Serine 123 phosphorylation enhances the ability of dog p21 to block S phase entry and subsequently to suppress cell proliferation. A, Cf2Th cells uninduced or induced to express wild-type p21, dog p21(S123A), and dog p21(S123D) for 24 h. The levels of p21, Rb, PCNA, cyclin A, cyclin B, cdk1, and actin were determined by Western blot analysis. B, DNA histogram analysis of Cf2Th cells in the absence or presence of wild-type dog p21, dog p21(S123A), or dog p21(S123D). Cf2Th cells were uninduced or induced to express wild-type dog p21 (top panel), dog p21(S123D) (middle panel), and dog p21(S123A) (bottom panel) for 72 h, and the percentage of cells in each phase of the cell cycle was determined by DNA histogram analysis. DNA content was quantified using the data from at least three independent experiments. C–E, growth rates of Cf2Th cells in the presence or absence of wild-type dog p21 (C), dog p21(S123D) (D), or dog p21(S123A) (E) over a 9-day period. Error bars, S.E. F, upper panel, colony formation assay performed using Cf2Th cells uninduced or induced to express wild-type dog p21, dog p21(S123D), or dog p21(S123A) for 14 days. Lower panel, relative percentage of colony numbers shown in upper panel. Error bars, S.D.

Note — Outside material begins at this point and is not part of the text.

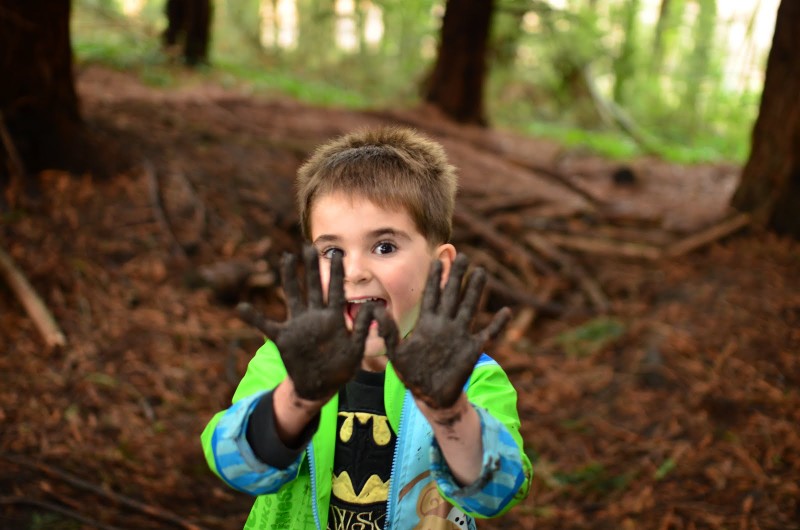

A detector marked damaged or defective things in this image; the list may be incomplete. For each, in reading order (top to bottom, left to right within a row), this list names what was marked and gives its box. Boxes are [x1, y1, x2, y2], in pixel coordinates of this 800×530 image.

Next, to further verify the role of serine 123 phosphorylation in regulating cell proliferation, growth rate analysis was performed over a 9-day period. We found that ectopic expression of wild-type or mutant S123D dog p21 significantly suppressed cell proliferation (Fig. 3, C and D). However, the ability of dog p21(S123A) to inhibit cell proliferation was greatly attenuated (Fig. 3E). Similarly, ectopic expression of wild-type and mutant S123D dog p21 significantly reduced the number of colonies, from 100% to 1.0% and 3.0%, respectively, whereas dog p21(S123A) weakly reduced the number of colonies from 100% to 40% (Fig. 3F). Taken together, these data suggest that serine 123 phosphorylation enhances the ability of dog p21 to block S phase entry and subsequently, to suppress cell proliferation.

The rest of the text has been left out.